During a press conference on Saturday before Cup practice and qualifying at Michigan, Brad Keselowski stated that he and his RFK team are definitely interested in expanding to a three or even four car operation in the future. The timing for 2024, however, just doesn’t line up as there are no charters for sale at this moment in time. And even if there were, the price tag would be astronomical.

You Need To Know:

  • Unlike years past, expansion isn’t as easy or viable as just simply fielding another entry. For an expansion team to justify the expenses of being put together, it must be a part of NASCAR’s charter system which is essentially like a franchise similar to other sports. The payouts are better with charter cars and its more doable to turn a profit if a car is chartered. The problem is that there are only so many charters available, and unless NASCAR increases the number of charters from 36 (the current number) to 38 or 40, teams are going to have to pay a hefty fee to obtain one. This is why Dale Earnhardt Jr. hasn’t taken his JR Motorsports team to Cup yet. It’s just not financially viable to purchase any charter that could become available for the right price.
  • It’s no surprise that RFK wants to expand in the future, especially with the freshness that new owner-driver, Brad Keselowski, has brought to the organization. RFK used to be one of the powerhouses in NASCAR, owning a whopping 5 cars in 2005 (this was before NASCAR set the 4-car max limit) which took up half of the 10-man Chase for the Cup field. Following the departures of Matt Kenseth and Carl Edwards, RFK took a steep nosedive in terms of performance. With Chris Buescher winning in two consecutive seasons, and the marked performance improvement of Bad Brad in the No. 6 when compared to his 2022 season, it makes perfect sense for the team to want to expand.
  • Talk of a potential RFK expansion sparked a lot of interest for nostalgic NASCAR fans. We remember the Roush dominance of the 2003, 2004, and 2005 seasons and we would certainly like to go back there.

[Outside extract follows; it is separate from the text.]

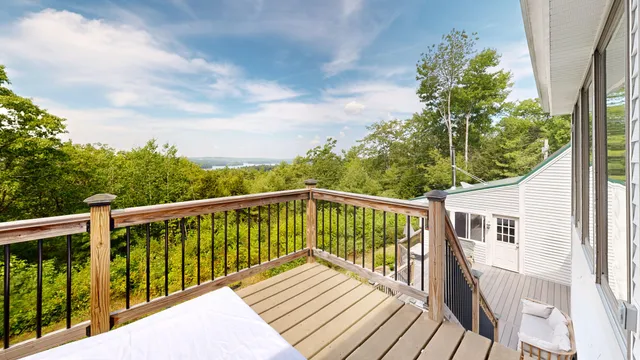 $695,000 | 26 Squiers Alley, Nobleboro, ME 04555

As Kenny Wallace said a number of weeks ago, racing is all about circumstances and timing. There are a lot of pieces to the charter puzzle. Many NASCAR team owners, including Denny Hamlin, want to see it be made permanent while NASCAR will not, as of this writing, commit to doing that. There’s also the TV rights deal in play. Perhaps we’ll know more about the charter system’s future and RFK’s future as well in the coming years once all of that gets hammered out.

The Main Characters

IF RFK expands in the future, no doubt owner-driver Brad Keselowski will spearhead the campaign. He’s already made a huge impact on that organization.

Chris Buescher has been the shining star at that organization since signing on back in 2020. With now two consecutive seasons with wins, one would only assume that he would benefit greatly from the added help of multiple teammates. Who knows, maybe he can even become the teams franchise driver.

Around The Garage

When Justin Haley first announced that he was moving from Kaulig over to Rick Ware Racing, it left a lot of fans scratching their heads. But obviously, he sees something that the rest of us don’t. Perhaps there is something cooking over at Rick Ware Racing. It was said at the time that Brad really wanted him and RWR has moved onto the RFK campus. Perhaps that is a potential route to expansion?

In The Stands

AAPCS_YT posts these OG photos from RFK’s prime. The left is Kurt Busch celebrating his championship in 2004. The right is Cousin Carl wining in the then-Nationwide Series. Oh, so many memories.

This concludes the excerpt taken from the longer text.